- _The problem_
In the records below, find the line holding "최순자 전 인하대학교"; copy it and every line after it to the end, omitting all images.

----

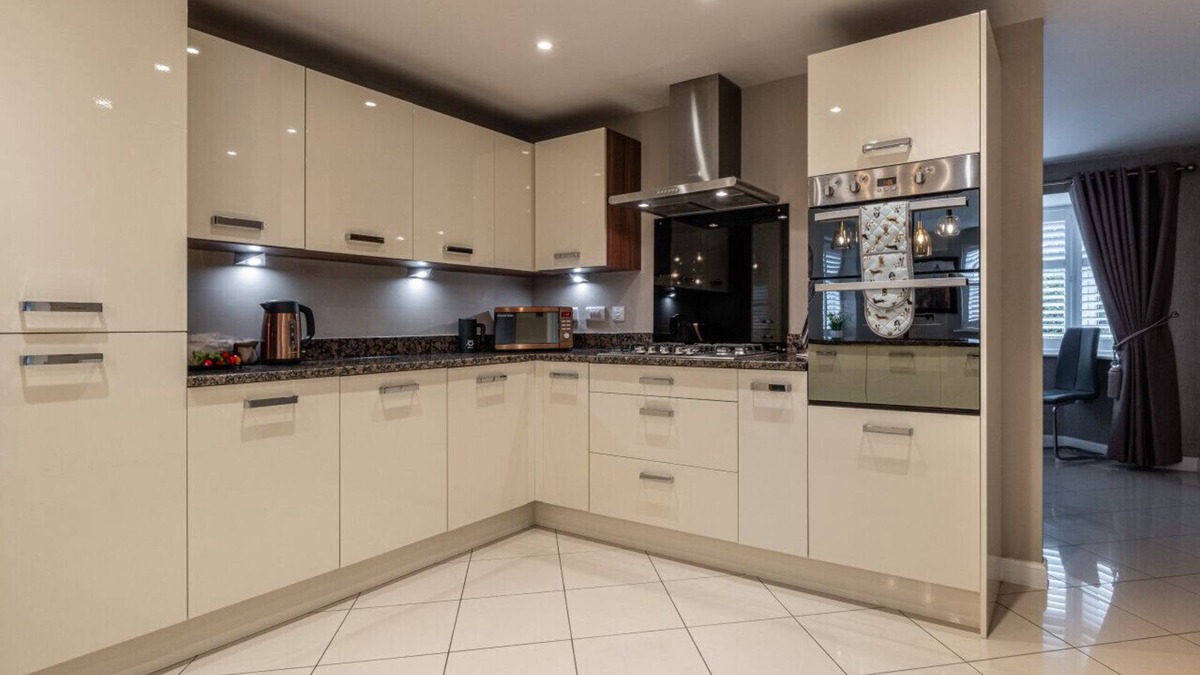 Frampton on Severn House | Squirrels Street - Stunning 4 Bedroom in Stratford Upon Avon!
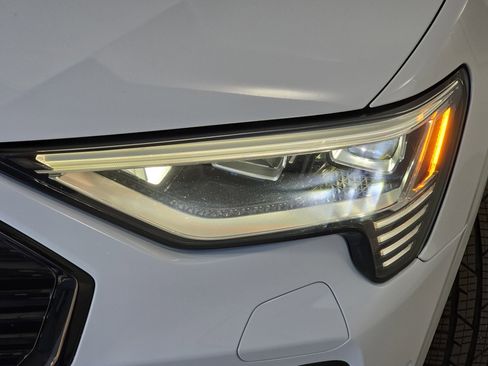 Used 2022 Audi e-tron Premium Plus w/ Premium Plus Package image 32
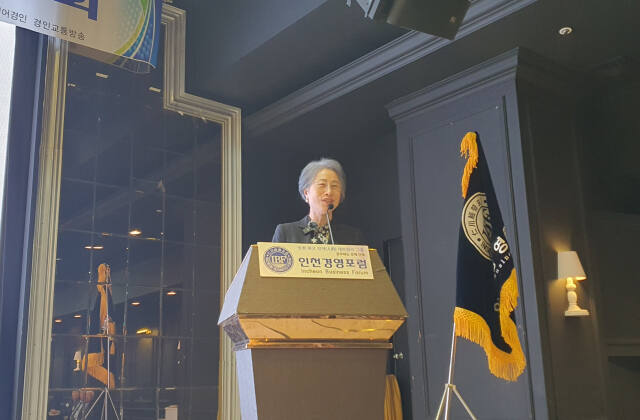 최순자 전 인하대학교 총장이 14일 오전 인천 라마다 송도호텔에서 열린 제467회 인천경영포럼 조찬강연회에서 공연 대중문화 세계화의 필요성에 대해 설명하고 있다. 지우현기자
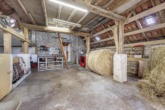 Bild - Gut Ding will Weide haben: Zweifamilienhaus mit Stallgebäude auf 4.722 m² Grundstück in Haren/Erika!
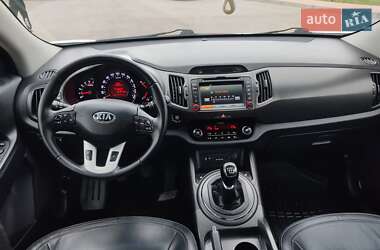 Позашляховик / Кросовер Kia Sportage 2013 в 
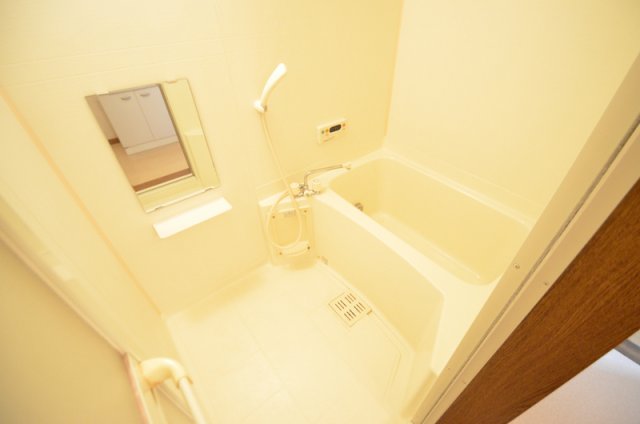 バス・シャワールーム　心と体の洗濯をするならやっぱりお風呂でゆったりと！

----

- _Response below_
 최순자 전 인하대학교 총장이 14일 오전 인천 라마다 송도호텔에서 열린 제467회 인천경영포럼 조찬강연회에서 공연 대중문화 세계화의 필요성에 대해 설명하고 있다. 지우현기자
 Bild - Gut Ding will Weide haben: Zweifamilienhaus mit Stallgebäude auf 4.722 m² Grundstück in Haren/Erika!
 Позашляховик / Кросовер Kia Sportage 2013 в 
 バス・シャワールーム　心と体の洗濯をするならやっぱりお風呂でゆったりと！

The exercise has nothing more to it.